I'm not sure whether it's still done this way, but we had to complete an order form for our food in advance as well to avoid delays; each time slot is only two hours long so you don't want to waste any time. The names of the menu items are all in Japanese, so if you don't speak the language it's a good idea to check the website before you visit and make a list of all of the dishes you want to order. It will make completing the reservation form much easier. If you can read Japanese, there are detailed menus outside the bar which give much more information about the food than the website. It's quite fun to wait in the lobby area leafing through the menus, making use of the free shaved ice machine and gazing longingly at the merchandise on display.

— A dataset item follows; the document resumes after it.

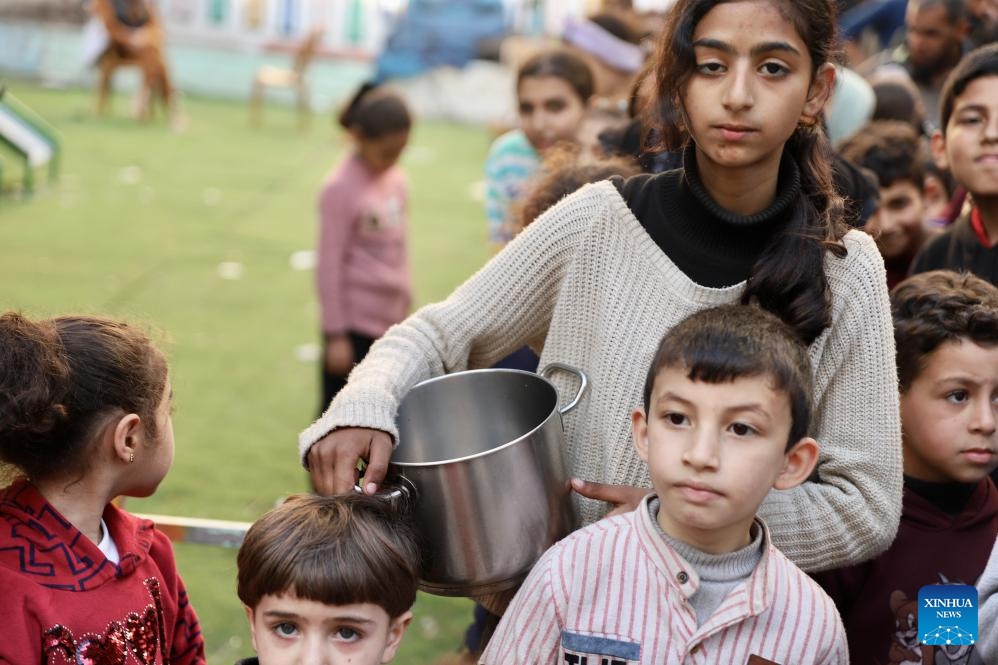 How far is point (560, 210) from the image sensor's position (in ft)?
6.30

When our reserved time slot was due to begin the staff rounded everyone up and gave a rousing introduction ("Let's party!") to get all of the guests in the mood for some fun. We were then led inside the Capcom Bar and given time to look around at the decorations bathed in blue neon lighting. Small screens were set up next to the tables to show trailers from various Capcom games and merchandise from Monster Hunter and Sengoku Basara covers all of the available wall space. There were some consoles available too for people who had time to play (nobody did when we were there; the food was too interesting!).

The most prominent Capcom games represented on the menu are Monster Hunter, Gyakuten Saiban (Phoenix Wright: Ace Attorney), Sengoku Basara and Biohazard, with Street Fighter and Devil May Cry appearing too. Since my visit a few items from Dragon's Dogma have also been added to the list and there are occasionally special events for other games.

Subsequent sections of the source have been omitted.